The African Commission on Human and People’s Rights, in its Resolution 275, called on African governments to end violence and discrimination on the basis of sexual orientation and gender identity. The African Commission has specifically condemned forced anal examinations as a form of torture. To arrest someone on the basis of consensual same-sex conduct between adults in private is a violation of the International Covenant on Civil and Political Rights’ prohibition on arbitrary arrest and detention.

 

“The Tanzanian authorities should ensure that not one more Tanzanian is arrested for being gay or trans – or for attending an HIV education session,” Ghoshal said. “Concrete steps forward should also include banning forced anal examinations and reforming health policies so that they are based on evidence, not prejudice.”

Selected quotes from people interviewed

 

“Osman,” a 24-year-old HIV-positive gay man, on seeking HIV treatment at a government hospital in Dar es Salaam, said:

 

[They told me] “You’re a good boy, why do you have gay sex?

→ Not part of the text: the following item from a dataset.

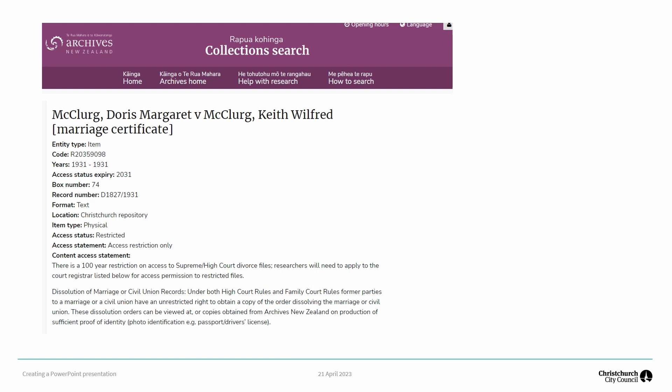Archives New Zealand also holds divorce records. A divorce — now called dissolution — is the official termination of a marriage. Once a decree absolute, the final decree in the proceedings, has been granted, it becomes lawful for the parties to marry again as if the prior marriage had been ended by death. Archives holds divorce registers and files transferred by the Supreme or High Courts — each archive holds the registers and files of its region, though not all courts have transferred their records. There is a 100-year restriction on access to Supreme or High Court divorce records, and researchers will need to apply to the court registrar for access permission to restricted files.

That’s why you got AIDS, because those acts angered God.” They also told me to stop these games and get saved, to chase out Satan, who caused me to have sex, and to find a wife, get married, and have a family.

 

“Medard,” a 38-year-old gay man in Dar es Salaam, on the closure of LGBT-friendly drop-in centers, said:

 

Whenever I had a health problem, I could go to those centers for help or to be connected to a healthcare provider that did not discriminate, that treated me like everyone else. These days, even if I have a health problem, I don’t have a place to go where I can describe my problem, so I just keep quiet.… I would like the government of Tanzania to allow kuchus [LGBT people] access to health services. If we don’t get services, we will die.

 

“Toni,” a trans woman in Dar es Salaam, on the change in relations with government health officials, said “We had a meeting with [government health officials] and they said they don’t want to hear anything in terms of issues of LGBT. They claim we are recruiting.”

 

“Kim,” a gender-nonconforming person from a small town, on being subjected to a forced anal examination at a government health facility, said:

 

These doctors did the procedure of anal tests. It was by force. The police officers were there with guns, so many of them.… We went to the maternal ward where the women go and give birth. They took this metal instrument and they stick it – they penetrate it in our [anus], and it was very, very painful. And then they say “Cough, try to cough” while the steel is inside our [anus], and when I coughed, they were pressing the metal into me. It was very brutal and painful. They were pressing the testicles, the penis. Everything about that testing was very brutal.